Geçmişte ve günümüzde bütün direniş ve kıyamlarda da ilahi hedeflerden birisinin zalimleri deşifre etmek olduğu aşikardır. Hatta insanlık tarihinin en başına gidildiğinde, iblisin, o ana kadar melekler arasında bulunsa da gerçekte, şeytan olduğunun ortaya çıkarılmasının da amaçlandığı görülecektir.
Sabırdaki incelik de bu değil midir? Farklı imtihanların bir ömür süren grafiğini çizen Yusuf kıssası da hep tarafların deşifresiyle neticelenmiştir.
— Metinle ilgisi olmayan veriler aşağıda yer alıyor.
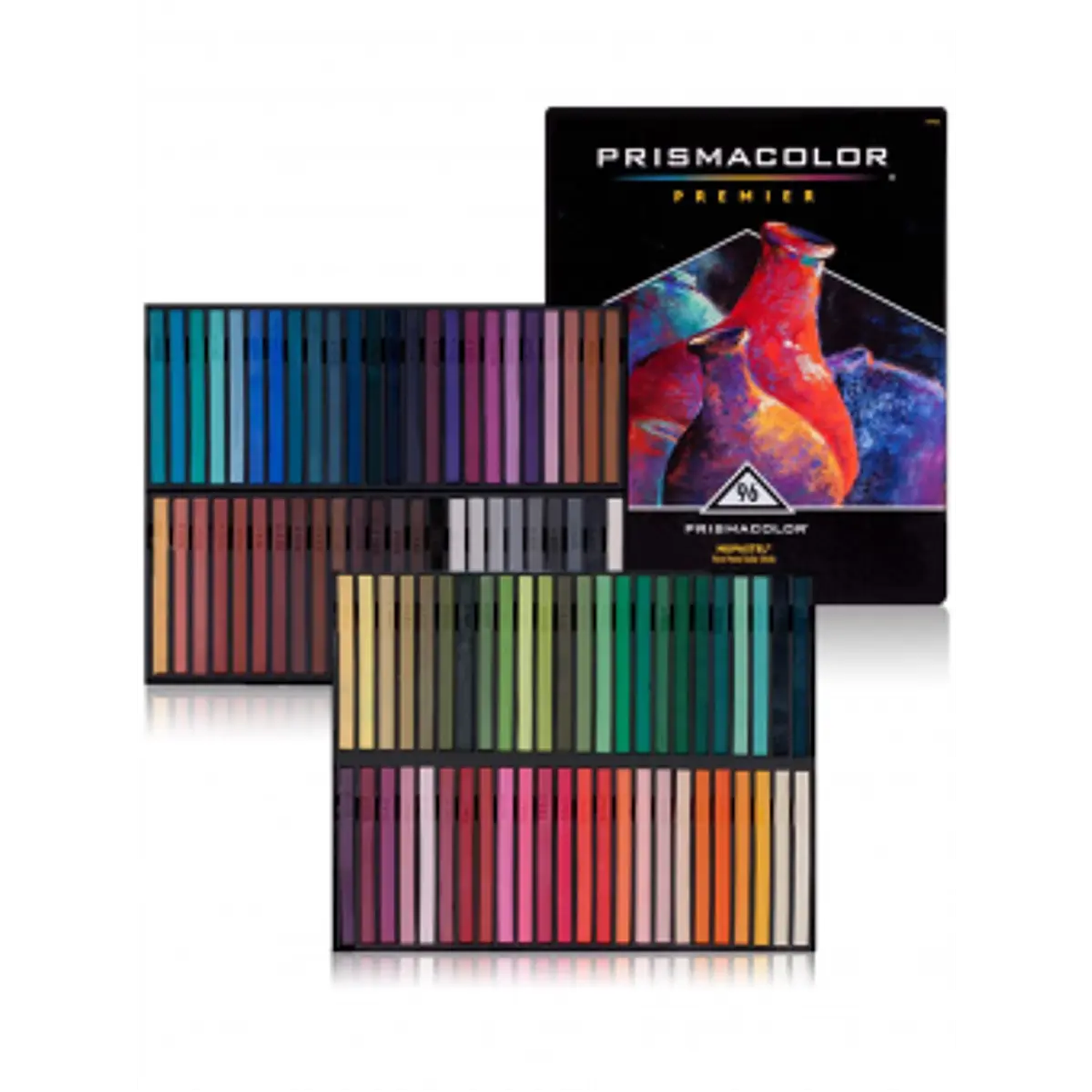 Prismacolor – Set NuPastel 96 Barras Pastel Seco Profesional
Mesela, kardeşlerinin Yusuf’u kuyuya atmasının yaklaşık otuz yıl sonra, Yusuf’un masum, Züleyha’nın ise suçlu olduğunun oniki yıl sonra ortaya çıkarılması gibi. Aynısını hem Kuran’da geçen diğer kıssalarda, hem de hadis-i şeriflerde geçen kıssalarda bulmak mümkündür. Sünnetullah günümüzde de aynı işlemektedir.
Bediüzzaman, zindanda taleblerine ulaştırdığı bir notunda özetle şöyle der: “O ölmüş adamın ne olduğunu ifşa ettik ya, bunun için binlerce ferdimiz hapse girseler hatta idam alsalar yine ucuzdur.” (13.Şua) Bilindiği gibi Üstad, ölmüş adam derken; “bir milleti baştan yaratan”, “büyük kurtarıcı”, “bugünleri bize sağlayan ulu önder” diye vasfedilen şahsın gerçekte kim ve ne olduğunu, ‘Beşinci Şua’ ve ‘Sırr-ı İnnaateyna’ gibi eserlerinde çok açık ve kesin delillerle ortaya koyar.
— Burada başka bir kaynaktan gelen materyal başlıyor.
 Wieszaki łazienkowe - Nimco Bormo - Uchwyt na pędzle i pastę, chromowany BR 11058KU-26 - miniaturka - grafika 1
Kemalist rejimin öncesi ve sonrasıyla kuruluşunu, hem aktörlerinin gerçek yüzünü ısrarla karartma çabası devam ettiği sürece darbe komisyonlarının, bir iki darbenin bir iki ayrıntısını teyid etme gayretinin sembolik anlamı bile yoktur.
Ancak şundan hiçbir şüphemiz yoktur: Kan, gözyaşı ve ter, yani üç mukaddes damla, biraraya geldiğinde, tarihin her döneminde olduğu gibi bugün de zulmün yüzündeki çamurdan maskeyi sıyırıp atmaktadır.
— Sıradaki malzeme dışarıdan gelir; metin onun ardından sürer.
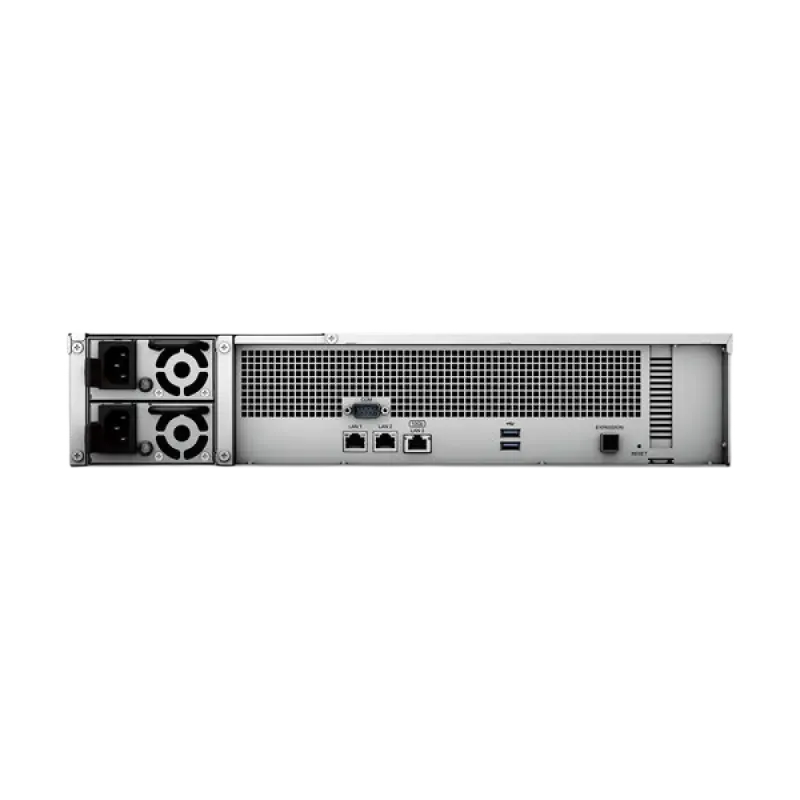Сетевое хранилище SYNOLOGY RS2423RP+ Серебристый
Bakın başörtülü olduğu için okulun kapısı önüne konulup velilerine hapis cezası verilen çocukların gözyaşları, kimlerin gerçek yüzlerini açığa çıkarmaktadır.
Darbe komisyonları kendi iktidarını engellemeye çalışanları aramaya devam etsin, camide kuran dersi verdiği için binlerce insanın nasıl akılalmaz zulümlere uğratıldığını gün gelecek, kader-i ilahi ayan beyan ortaya çıkaracak. Ancak o gün elleri kuruduğu için Ebu Leheb hayatta olmayacak. Saltanatı gittiği için Yezid hayatta olmayacak. Ama ibret-i alem, Ebu Cehil, kazdığı kuyuya kendisi düşecek ve Ümeyye, işkence ettiği mazlum tarafından aynı kuyuya atılacaktır.
O zaman, kimin konjöktöre, kimin maslahata, kimin siyasete sarılıp zulmettiğini herkes daha iyi anlayacak. O yüzden dilleri islamdan yana, elleri zalim zevatı allayıp pullamaya, masumlaştırmaya gerek yok.